L’appropriation culturelle s’apparente à un vol. Non pas un vol matériel ou territorial, mais plutôt un vol de propriété intellectuelle. Il est vrai d’affirmer que chaque peuple possède ses propres valeurs, traditions culturelles et habitudes de vie. Ces traits de caractéristiques découlent généralement d’un long historique basé sur les réalités géographiques, spirituelles et politiques des peuples. Ceux-ci peuvent entre autres inclure les habitudes alimentaires, vestimentaires ou esthétiques des individus, ou encore les symboles, les pratiques, le langage et les gestes, et même les chansons, qui seraient par exemple traditionnellement significatives pour une nation. Tous ces éléments, qui sont donc profondément ancrés dans la culture d’un peuple, se voient naturellement exposés aux yeux des autres, considérant que nous vivons aujourd’hui dans un monde et une époque où les partages et les échanges sont facilités par les technologies et les transports. Ces contacts avec les traditions étrangères sont souvent extrêmement favorables, dans le sens qu’ils permettent une ouverture sur les différences ainsi qu’un enrichissement interculturel. Toutefois, des comportements sont à proscrire lors de certains cas. Il est bien connu que les peuples blancs occidentaux ont, et ce depuis des centaines d’années, pris l’habitude de s’approprier des choses qui ne leur appartenaient pas. Cela remonte à la colonisation de territoires et des peuples qui y vivaient déjà, et s’étend jusqu’à aujourd’hui, alors qu’il ne semble par exemple pas choquant pour les blancs de se vêtir en ceux qu’ils ont fait souffrir en les colonisant.
Ce n’est pas essentiellement d’adopter des pratiques étrangères qui est mal, c’est plutôt de le faire et d’accepter les fleurs qu’on vous lancera sans donner le crédit à la culture qui vous aura inspirée. Voici un exemple qui transpose le concept de l’appropriation culturelle dans un autre contexte : lorsque l’on nous demande d’écrire un travail de recherche, par exemple, à l’Université, il sera toujours requis d’identifier les sources des citations ou des idées prises dans un ouvrage qui n’est pas le nôtre, sous peine de sanctions. En effet, il est alors logique de mentionner qui est l’instigateur.trice des idées que nous reprenons. Cette logique est la même lorsqu’il s’agit d’un trait culturel que l’on désire emprunter.
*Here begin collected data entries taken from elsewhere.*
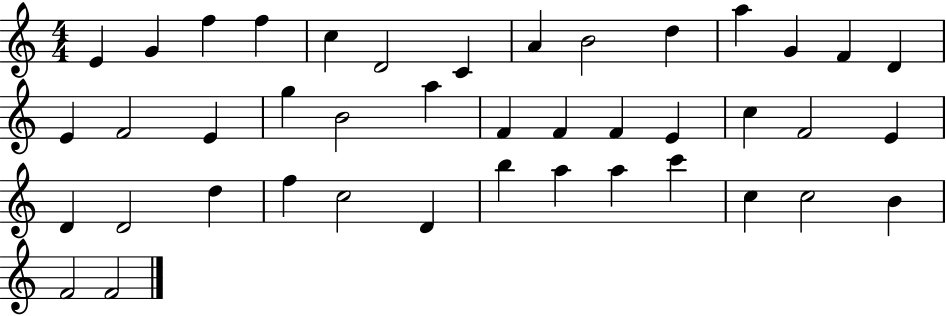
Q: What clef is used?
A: treble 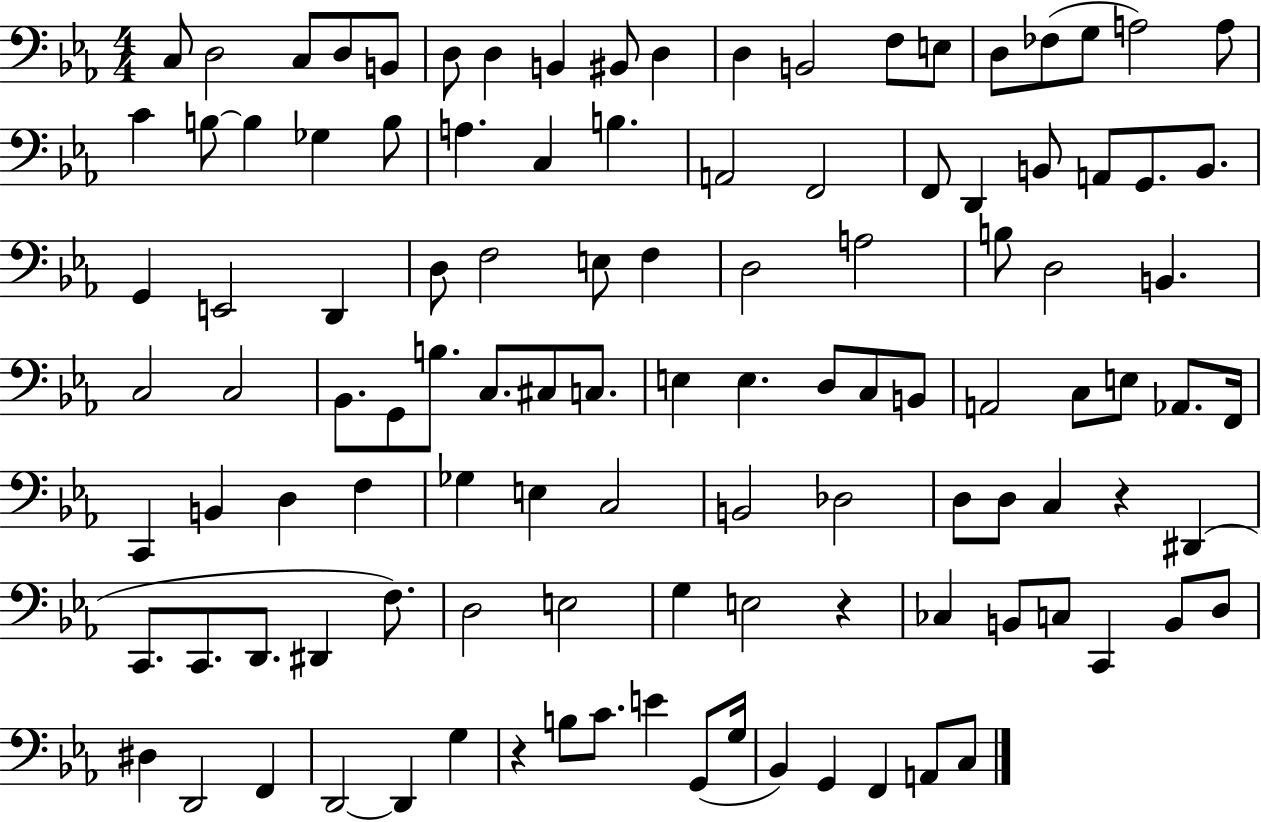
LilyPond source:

{
  \clef bass
  \numericTimeSignature
  \time 4/4
  \key ees \major
  \repeat volta 2 { c8 d2 c8 d8 b,8 | d8 d4 b,4 bis,8 d4 | d4 b,2 f8 e8 | d8 fes8( g8 a2) a8 | \break c'4 b8~~ b4 ges4 b8 | a4. c4 b4. | a,2 f,2 | f,8 d,4 b,8 a,8 g,8. b,8. | \break g,4 e,2 d,4 | d8 f2 e8 f4 | d2 a2 | b8 d2 b,4. | \break c2 c2 | bes,8. g,8 b8. c8. cis8 c8. | e4 e4. d8 c8 b,8 | a,2 c8 e8 aes,8. f,16 | \break c,4 b,4 d4 f4 | ges4 e4 c2 | b,2 des2 | d8 d8 c4 r4 dis,4( | \break c,8. c,8. d,8. dis,4 f8.) | d2 e2 | g4 e2 r4 | ces4 b,8 c8 c,4 b,8 d8 | \break dis4 d,2 f,4 | d,2~~ d,4 g4 | r4 b8 c'8. e'4 g,8( g16 | bes,4) g,4 f,4 a,8 c8 | \break } \bar "|."
} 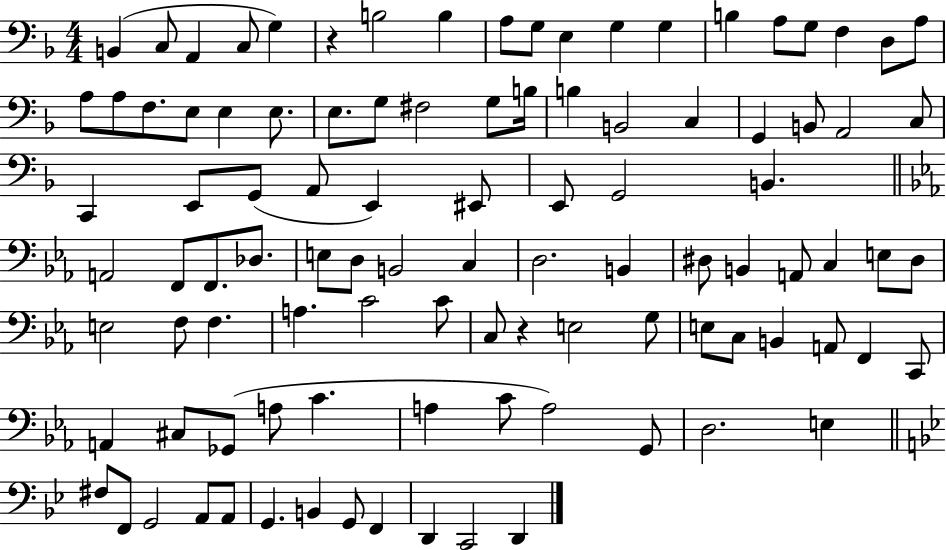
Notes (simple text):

B2/q C3/e A2/q C3/e G3/q R/q B3/h B3/q A3/e G3/e E3/q G3/q G3/q B3/q A3/e G3/e F3/q D3/e A3/e A3/e A3/e F3/e. E3/e E3/q E3/e. E3/e. G3/e F#3/h G3/e B3/s B3/q B2/h C3/q G2/q B2/e A2/h C3/e C2/q E2/e G2/e A2/e E2/q EIS2/e E2/e G2/h B2/q. A2/h F2/e F2/e. Db3/e. E3/e D3/e B2/h C3/q D3/h. B2/q D#3/e B2/q A2/e C3/q E3/e D#3/e E3/h F3/e F3/q. A3/q. C4/h C4/e C3/e R/q E3/h G3/e E3/e C3/e B2/q A2/e F2/q C2/e A2/q C#3/e Gb2/e A3/e C4/q. A3/q C4/e A3/h G2/e D3/h. E3/q F#3/e F2/e G2/h A2/e A2/e G2/q. B2/q G2/e F2/q D2/q C2/h D2/q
La problématique réside également dans le fait que les individus blancs adoptants certains traits des individus noirs, par exemple, bénéficieront des aspects positifs qui en découlent, soit les compliments, mais ne seront en aucun cas affectés par les préjugés racistes que subissent les personnes de couleur lorsqu’elles s’exposent avec ces mêmes caractéristiques, qui font alors partie de leur identité.
L’appropriation culturelle faite contre les blancs n’est pas sujet à être discuté, considérant que la culture occidentale caucasienne est celle qui jette de l’ombre sur les autres et que les blancs ne souffrent pas du racisme.
L’appropriation culturelle, c’est lorsqu’une petite fille blanche aux cheveux blonds et aux yeux clairs se fait complimenter pour son costume d’indienne, alors qu’il y a quelques décennies à peine, les jeunes des premières nations vivaient des violences atroces dans des « pensionnats » créés par des blancs, qui visaient à éradiquer toute trace de l’appartenance culturelle à laquelle se rattachaient ces enfants. L’appropriation culturelle, c’est aussi lorsque des vedettes vénérées par des milliers de fans arborent des looks calqués sur les traditions esthétiques afro-américaines, sans aucune reconnaissance pour la culture qui les aura inspirées, et ce, alors que les afro-américains vivent quotidiennement des discriminations basées sur leur apparence physique.
Il est facile, en tant que blanc.he, de participer à l’appropriation culturelle. Mais il peut également être facile de l’éviter, et ce, en étant à l’écoute des minorités ethniques qui se disent offusquées par nos faux pas, en nous informant davantage à propos de la culture des gens qui nous entourent, et en les respectant dans leurs appartenances culturelles et religieuses.
Si les individus appartenant à une minorité ethnique décidaient de se déguiser en « blanc.he », soyez assurés que l’image ne serait pas flatteuse.